Wednesday, 20 June 2012

Office Reits

DBS GROUP RESEARCH on 19 June 2012

A MORE tax-efficient structure for MBFC Phase 1 in place: K-Reit and Suntec Reit announced that they had successfully converted the vehicle which holds Marina Bay Financial Centre Towers 1 & 2 and Marina Bay Link Mall Phase I (collectively known as MBFC Phase I) into a Limited Liability Partnership (BFCD LLP) structure. Under the previous structure, both K-Reit and Suntec Reit pay a 17 per cent corporate tax rate on the rental income generated on the property. Upon conversion, the operational rental income (excluding income support) generated by MBFC Phase 1 will no longer be subjected to corporate taxes. The new structure will take effect from June 16, 2012 and is not retrospective.

FY13 DPU to increase by 3.6-5.1 per cent: Based on our estimates, both Reits should reap tax savings of close to $2.2 million and $4.5 million in FY12 and FY13, respectively. Netting off administration fees, we estimate that FY12 DPU should increase 1-2 per cent and FY13 DPU by about 4-5 per cent. We think this conversion is a positive step as it would also pave the way for the possible restructuring of One Raffles Quay (ORQ) into a similar more tax-efficient LLP structure in the longer term. Currently, the payable tax for ORQ is estimated to be close to $3 million per annum.
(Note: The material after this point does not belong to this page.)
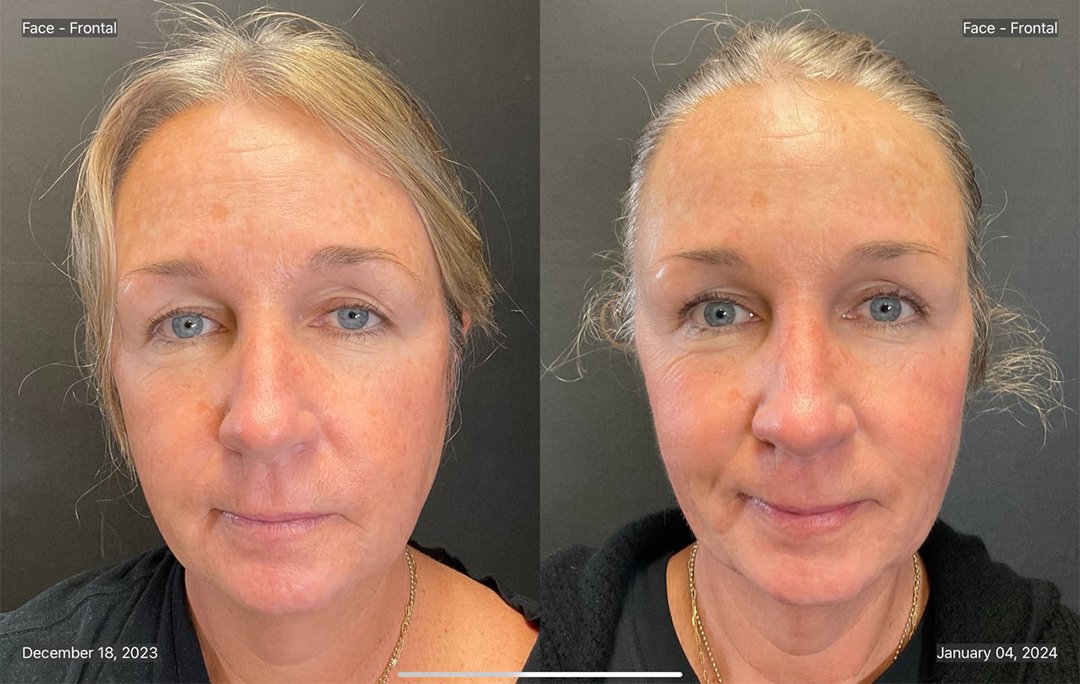 Emface - Alternatives to botox at Contoured Glen Mills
TP to rise by 7.9-8.6 per cent, upgrade K-Reit to 'buy': Adjusting for the tax savings, Suntec Reit's TP (target price) is raised by 8.6 per cent to $1.58. We continue to like Suntec Reit for its strong balance sheet and we believe the tax savings should help to partially offset the income vacuum of Suntec City Phase 1 AEI works that began in Q2 FY12. We have also upgraded K-Reit to "buy" from "hold". We like K-Reit for its quality assets and we believe the tax savings would help to strengthen its balance sheet. Net of the tax adjustment and factoring in a higher withholding tax for its Australian property, our new TP of $1.21 (up 7.9 per cent) offers investors a total return of 30 per cent.

1 comment:

  1. The last AGM for K-Reit we were told that they were given special rate for the with holding tax. Are you saying that this news is something new now the affected with the higher tax on with-holding tax? Pls advise. Thanks.